Il semble qu’une solution pourrait être une « affirmation of commitment » qui soit un peu plus concrête dans le sens d’un engagement de prise en charge de la part d’une organisation ouverte d’utilisateurs pilotes. Elle aura le même problème que l’ICANN pour gérer son ouverture tout en assurant sa cohérence : c’est le mécanisme de coopération renforcée défini par le SMSI comme devant être approfondi au sein de l’IGF et bloqué par l’ICANN.
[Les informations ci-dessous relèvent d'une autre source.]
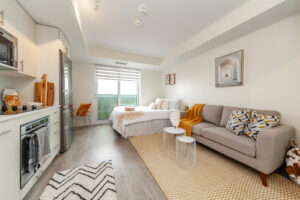 1819-2550-simcoe-st-n-oshawa-12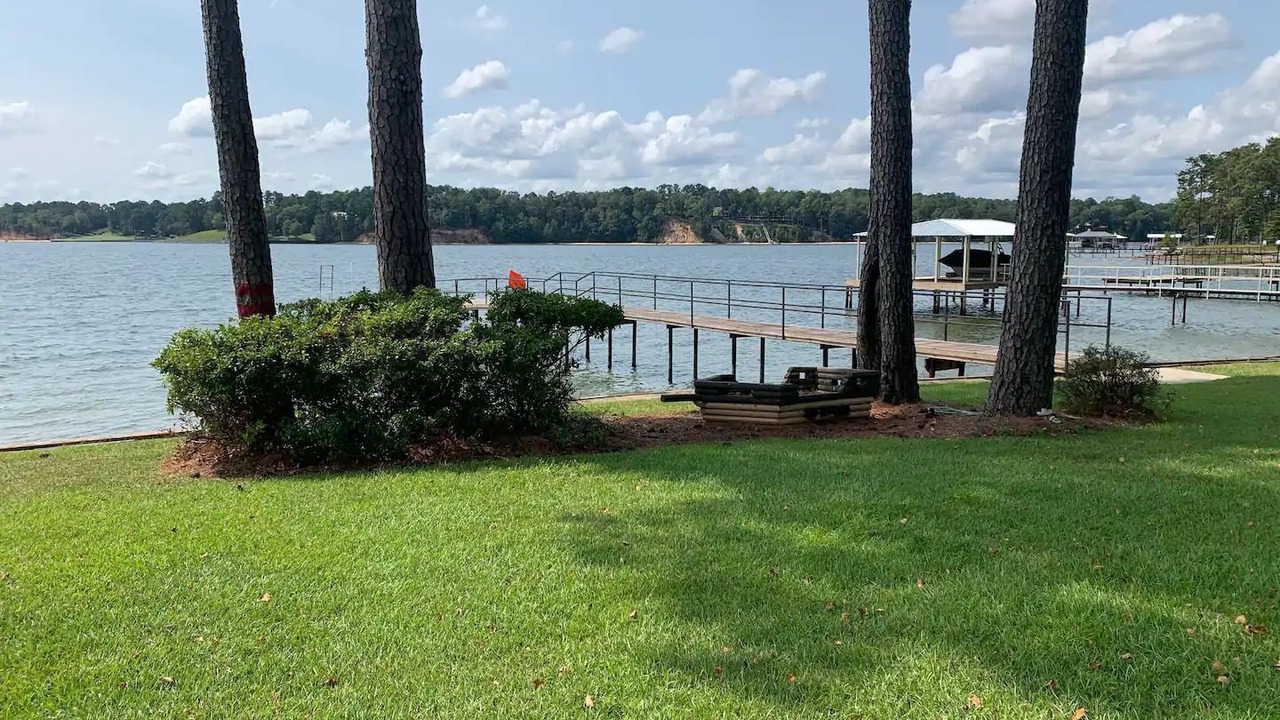 Photo of Outdoor in Abbeville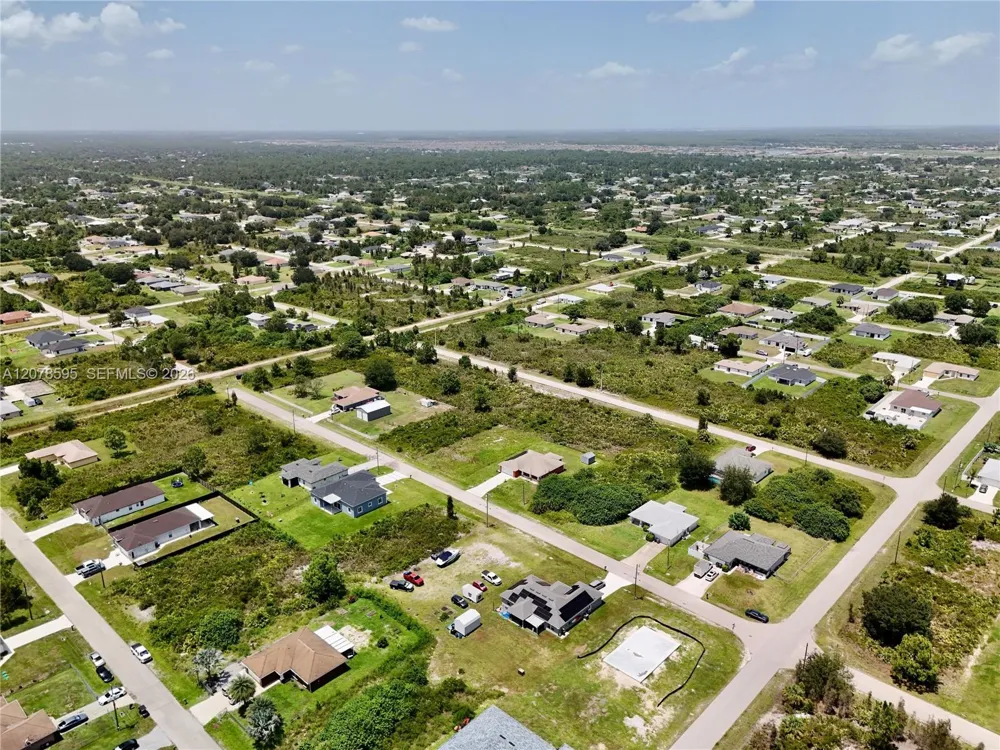 2808 55TH ST W Lehigh Acres, FL 33971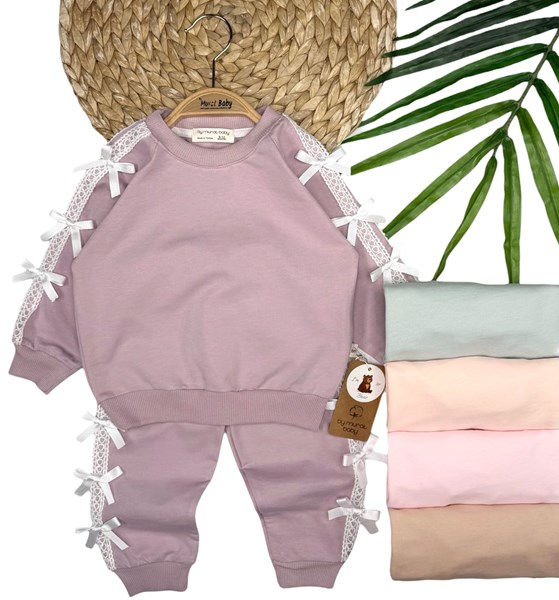 YANLARI FİYONK DETAYLI TAKIM 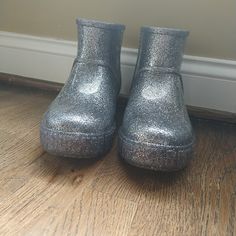 Ugg Silver Rainboot Trendy Fall Rain Boots With Round Toe, Trendy Weatherproof Boots With Round Toe, Trendy Insulated Boots With Round Toe, Trendy Insulated Round Toe Boots, Shoes Ugg, Womens Uggs, Winter Rain, Ugg Shoes, Rain Boots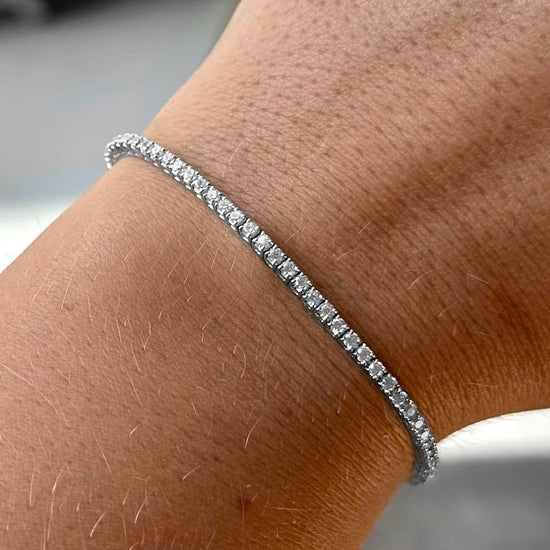 18K Aligned Tennis armbånd hvidguld ialt 2.25ct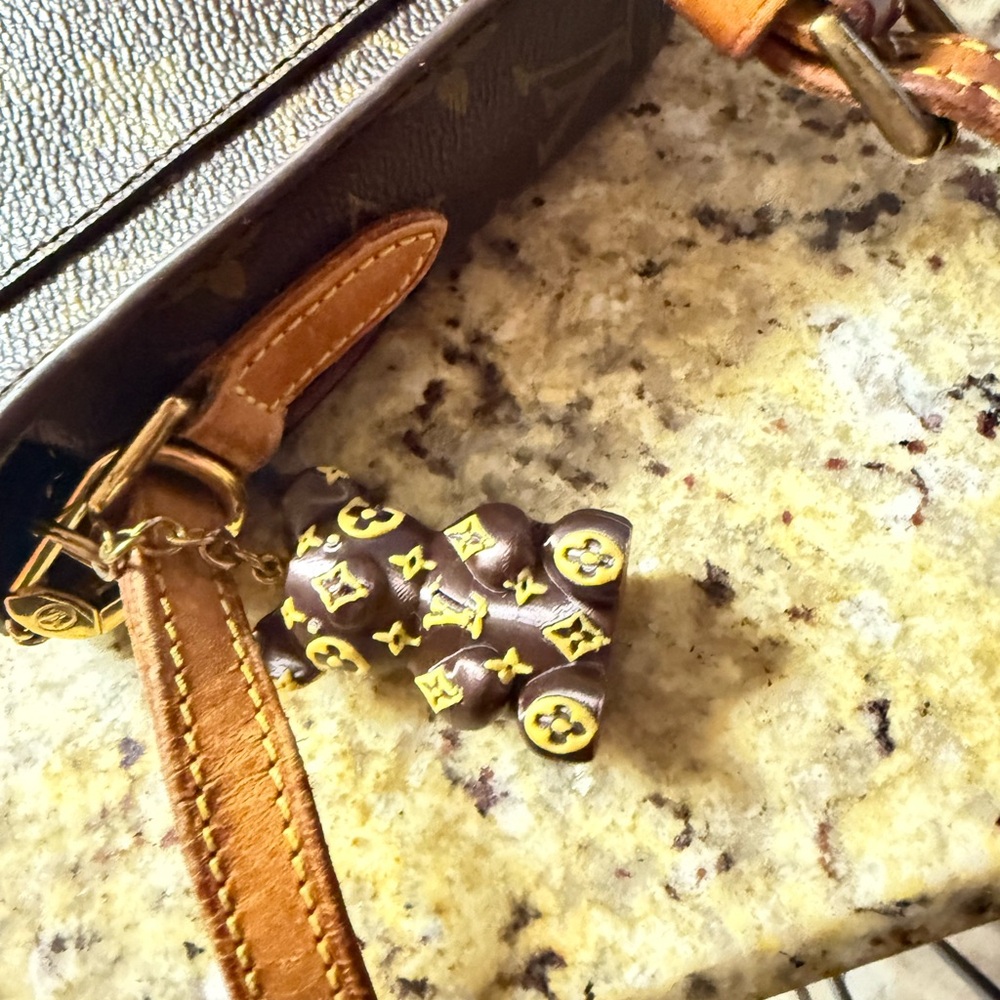 Louis Vuitton Monogram Black and Brown Shoulder Bag - Picture 16 of 16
Pour aider concrètement à l’évolution des esprits nécessaire, il me paraîtrait judicieux de désormais qualifier l’ICANN de coopération renforcée et d’en discuter la reproductibilité du modèle à d’autres secteurs de coopération internationale, relatif ou non à l’internet. Un thème qui pourrait être utile serait celui d’une coopération renforcée de l’Internet du futur qui regrouperait l’ensemble des projets de recherche et l’IETF, avec des coalitions dynamiques spécialisées se préoccupant de secteurs particuliers (sécurité, multilinguisation, routage, adressage, domaine privé, nommage, etc.) et reliées à l’ICANN par le glacis de ses Constituencies. Son siège en Europe permettrait d’assurer une symbolique rétablissant la réalité de la psuedo-paternité américaine du réseau international de transmission de données par paquets.